◆ Exercise goal ◆
All that is wanted is the exact text of the lines below from the one with "Set de Pulseras" through the one with "Janira Red Velvet Sequin Jacket", inclusive, minus any pictures.

◆ Recorded data ◆
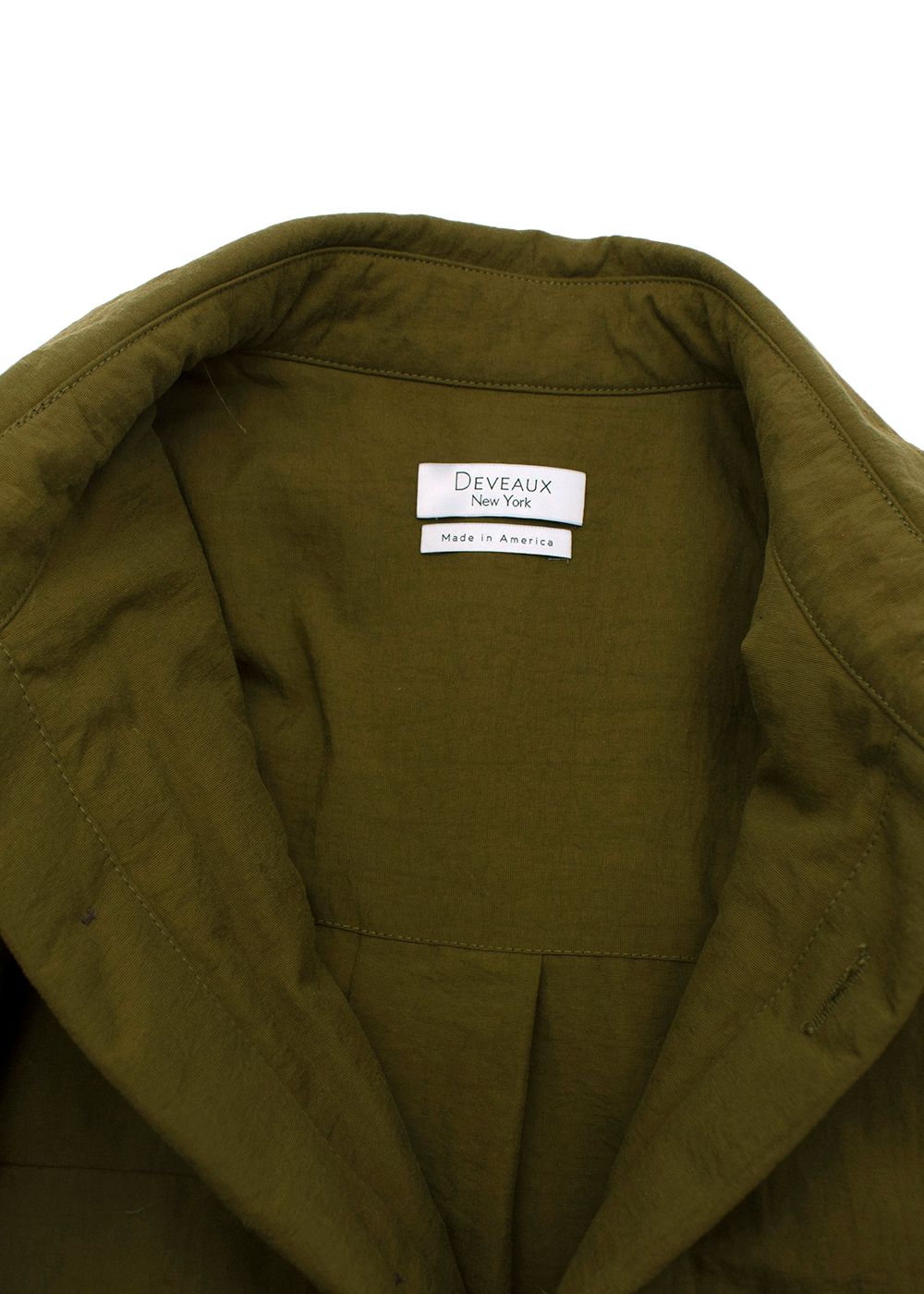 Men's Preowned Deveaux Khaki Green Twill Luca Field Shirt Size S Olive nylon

---

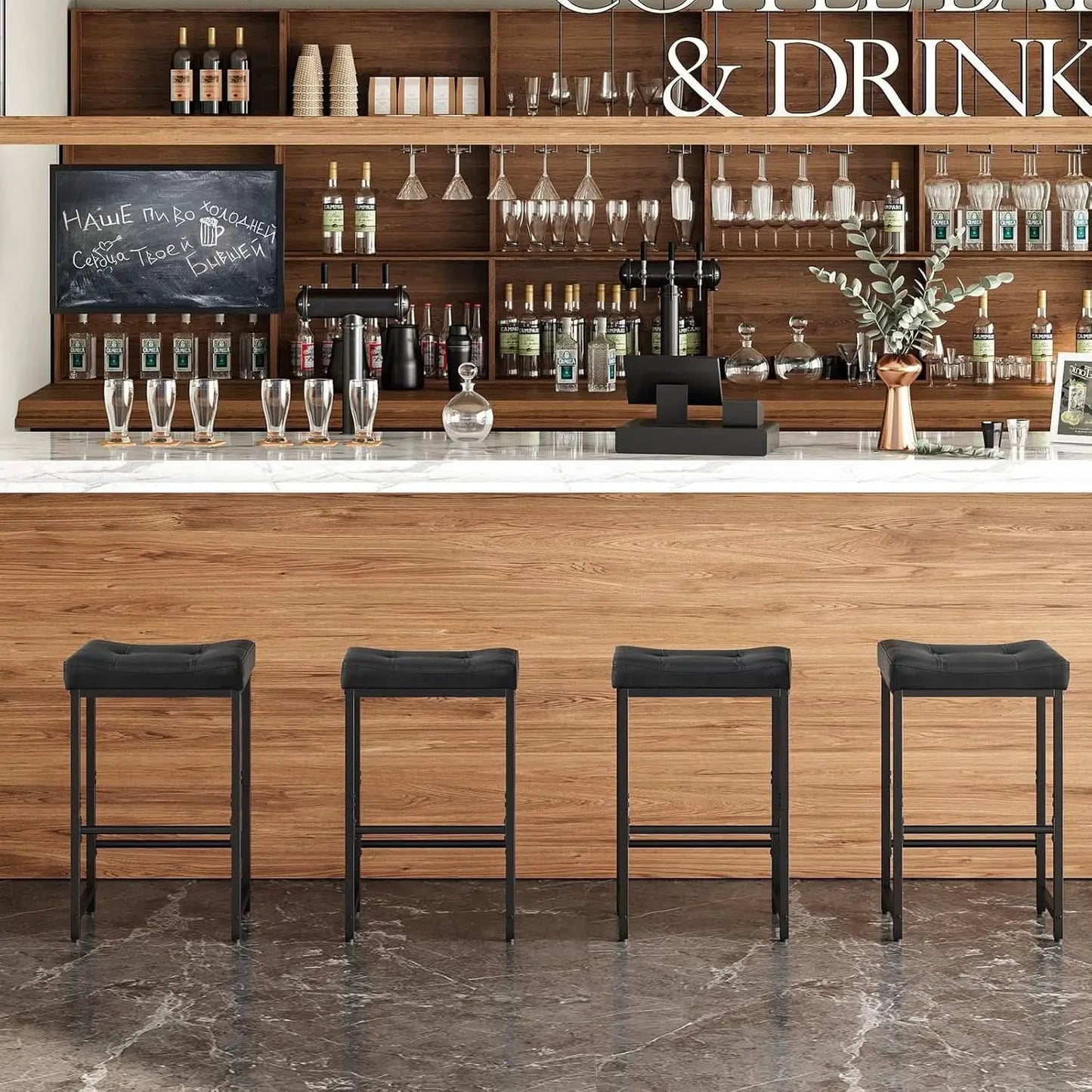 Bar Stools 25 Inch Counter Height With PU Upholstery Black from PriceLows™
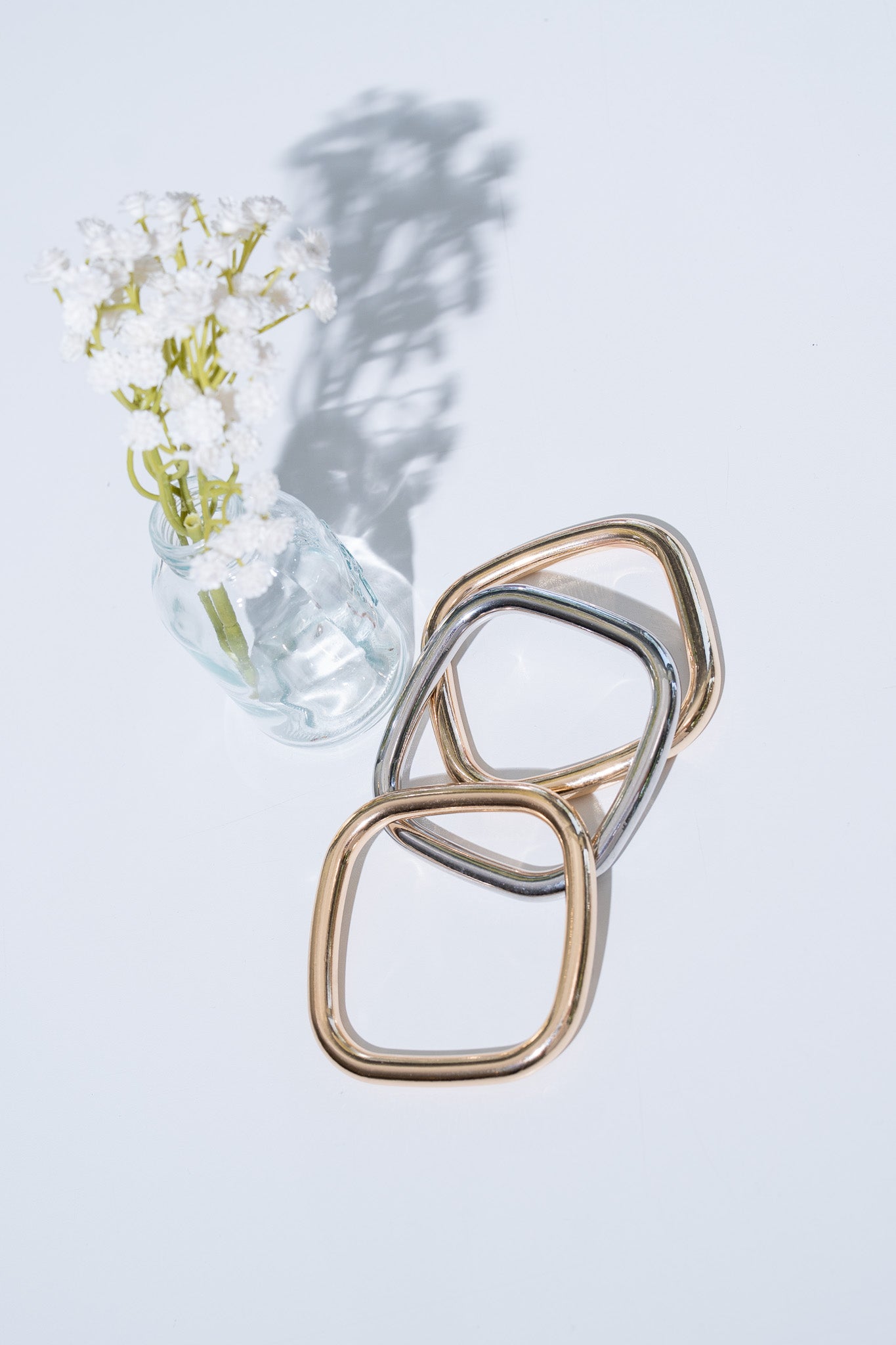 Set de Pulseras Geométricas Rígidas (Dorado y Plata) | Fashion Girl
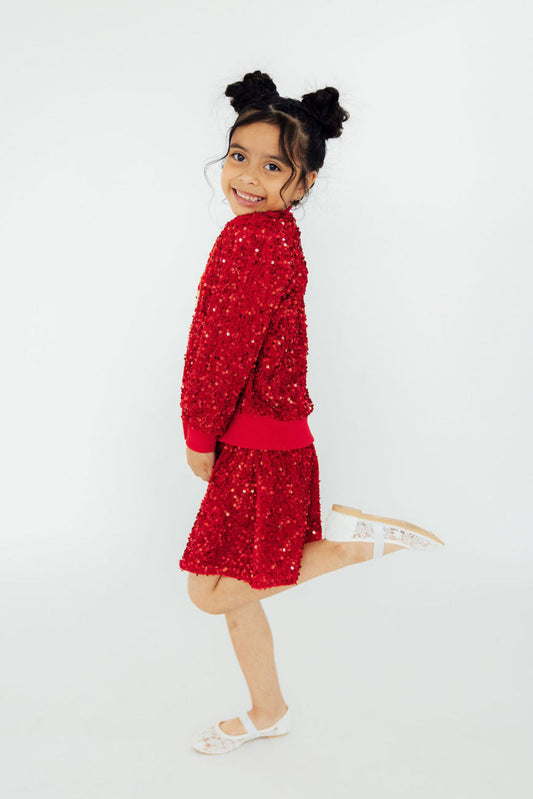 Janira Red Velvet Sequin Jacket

◆ Your solution ◆
 Set de Pulseras Geométricas Rígidas (Dorado y Plata) | Fashion Girl
 Janira Red Velvet Sequin Jacket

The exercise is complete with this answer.